Overall, a vendor can provide the following for managed observability:
- Scale constraints automatically and help protect users from the effects of disruptive workloads.
- Ensure high availability, oversee backups, and disaster recovery.
- Monitor the monitoring system and confirm it runs as intended.
- Manage security measures and audit logs.
- Include additional high-level management features that are not present in open-source, such as detailed visibility into the data that is being sent/stored.
- Provide support and training to end-users to ensure they have the visibility they need into their applications and systems.
Beyond overall system management, observability vendors can provide:
Data management and format support: Managing data ingestion and retention can be quite complex for open-source TSDBs. Managing functions like downsampling of historical data can prove to be quite a headache for teams that are not experienced with the TSDB in question and how to proactively monitor all of its background operations effectively. Some open-source options may lack such features entirely, which makes storing/querying historical data significantly more expensive, and limits teams’ ability to monitor long-term trends. You should also consider what data format support your teams need, as open-source TSDBs may not be compatible with more than one format, or have limited data compatibility. In contrast, vendor managed solutions commonly provide support for multiple data formats, and any challenges with managing ingestion and storage of data are handled for you.

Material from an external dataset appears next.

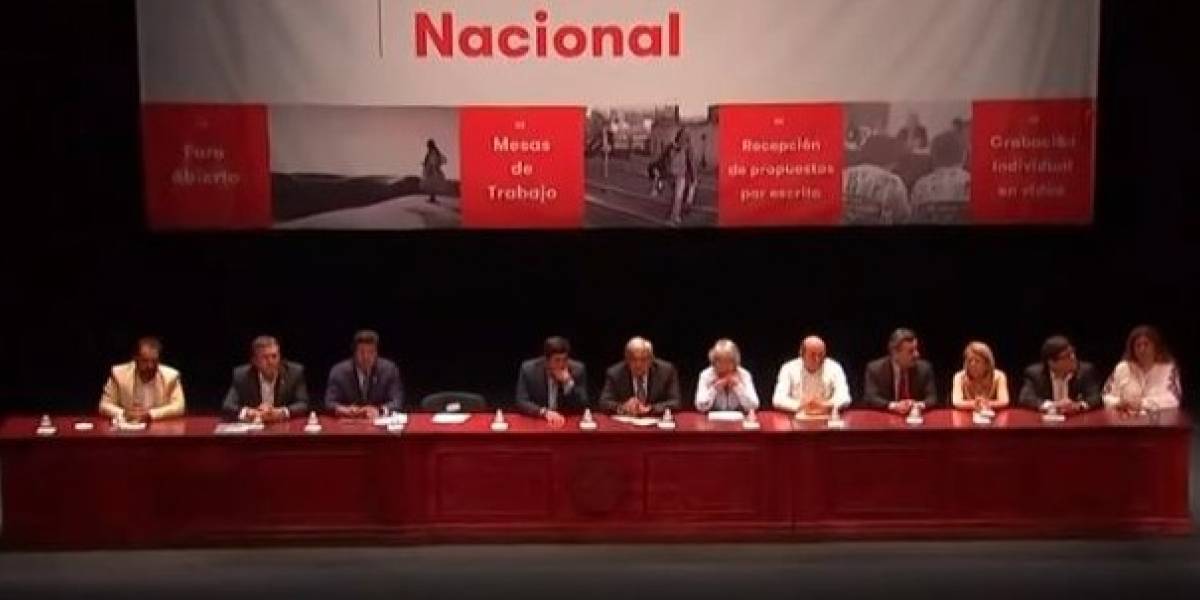 AMLO inicia encuentro para la pacificación del país en Ciudad Juárez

UI/UX: Most open-source observability offerings and TSDBs have minimal UI support for management. Instead, your team will spend their time defining things like alerts via code only, without tools to help ensure they will behave as intended. This setup option does encourage configuration-as-code, but it’s a pretty bad user experience, and the friction that individual users experience in day-to-day tasks can add up very quickly. They require a certain level of system knowledge that your team might not have or must take extra time to learn.
Observability vendors can provide a better UX with proprietary dashboards that are less code-based and more visual. These managed offerings provide interactive query-building capabilities that simplify dashboard editing. Commercial observability programs have interfaces specifically designed to display alerts and events. Plus, user access management is streamlined, and easier to get an overview at a glance.